What Regional States Are—and Aren't—Doing for Syria's Refugees
President-elect Donald Trump’s Syria policy is coming into view: coordinate anti-ISIS operations with Russia, and cease funding the “moderate” CIA-funded Syrian rebels given that “we have no idea who these people are.”
As the United States demobilizes its intelligence operation in Syria, the new administration needs to focus on helping its local allies deal with the flood of Syrian refugees over their borders.
But first, the cautionary tale of the Palestinians. After the 1948 Arab–Israeli War, Palestinians fled the new state of Israel in the expectation that they would shortly return to their homes when the Arab armies scattered the Jews. Seventy-eight years later, over five million Palestinians live in the refugee camps administered by the United Nations Relief and Works Agency for Palestine Refugees in the Near East (UNRWA) in Lebanon, Syria, the Gaza Strip and the West Bank.

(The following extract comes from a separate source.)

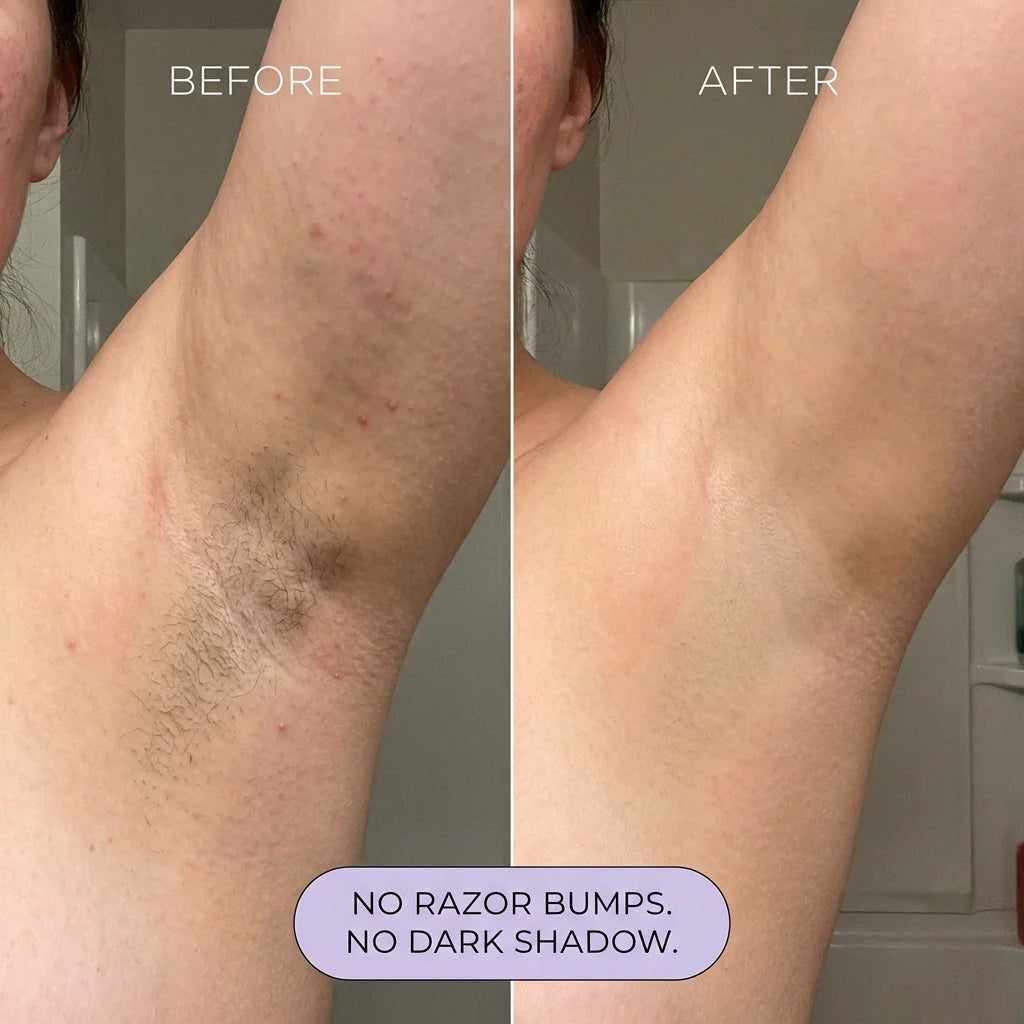 Silqo™ - Painless Hair Removal Mousse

The post-1948 Arab leadership kept the Palestinians un-assimilated to use them as a cudgel against Israel. Luckily, there is no PLO-like organization seeking to represent all Syrian refugees and stage a multi-decade war against Syria, so the challenge is to resettle the Syrians before they become Palestinians 2.0.
There are almost five million registered Syrian refugees in Turkey, Lebanon, Jordan and Iraq.
Turkey has the largest contingent of refugees, almost three million, but also has the most developed economy and capacity to absorb them. However, Turkish President Erdogan’s tightening grip on power may go hand-in-hand with an emphasis on “Turkishness” and leave the Syrians with the options of assimilation or onward migration. Turkey has proposed shifting the refugees into a “safe zone” in northern Syria, which will reduce its expenditures and push out Kurds and ISIS fighters. Turkey will use the refugees to get political and economic concessions from Europe, but likely has no long-term intention to allow any but the most economically productive to live in Turkey as Turks to avoid repeating its experience with the Kurds.
Jordan hosts over 650 thousand Syrian refugees. Jordan fully naturalized many Palestinians, who settled there between 1948 and 1967, but they arrived over two decades and their arrival wasn’t without conflict. Indeed, it was only resolved by force of arms in 1970 when King Hussein’s army defeated the Palestinian forces that wanted to absorb Jordan into a Palestinian state.
Jordan's immediate challenge is to put the Syrians to work without putting downward pressure on local wages. A safe zone in Syria has some appeal, but the bordering Syrian frontier is bleak and undeveloped with little appeal to the business sector.
Lebanon hosts over one million Syrian refugees, over twenty percent of the native population of 4.5 million. The large number of refuges is hard enough, but a million likely-Sunnis is a threat to the sectarian balance among the 18 recognized religious groups, the largest confessions being the Sunni, Shia and Christians. The new Lebanese government, and the Hezbollah-backed president, Michel Aoun, is taking an anti-refugee stance and may try to return the Syrians to safe zones in Syria.
Iraq hosts over 200 thousand Syrian refugees, all in the area controlled by the Kurdish Regional Government. Iraq’s economy has been pummeled by low oil prices and the damage to its infrastructure by the U.S. invasion, the insurgency that followed and the rise of the Islamic State. The Kurds have been gracious, but they are focused on negotiating their relationship with Baghdad and possibly securing control over oil-rich Kirkuk, and would prefer to not to have to deal with another 200 thousand Arabs in their midst as they remember too well Iraq’s “Arabization” campaign in the 1970s.
What to do? Where to go? Europe has likely exhausted its welcome for Middle East refugees, but even if Syrians stopped coming tomorrow, Europe will still have to deal with the influx from Libya. The four host nations don't have the capacity to manage the refugee populations and their continued presence will upset delicate sectarian and political balances that are still being resolved in places like Lebanon and Iraqi Kurdistan.
The UN has estimated it will cost $180 billion to restore Syria’s infrastructure to pre-conflict levels. Realistically, that money will never materialize. The United States just elected a president who wants to rebuild America’s infrastructure and recapitalize its armed forces. Europe is already dealing with the refugees and the political backlash in their wake. Asia has contributed but it won’t be enough. And if the money never shows up, the refugees will never return home.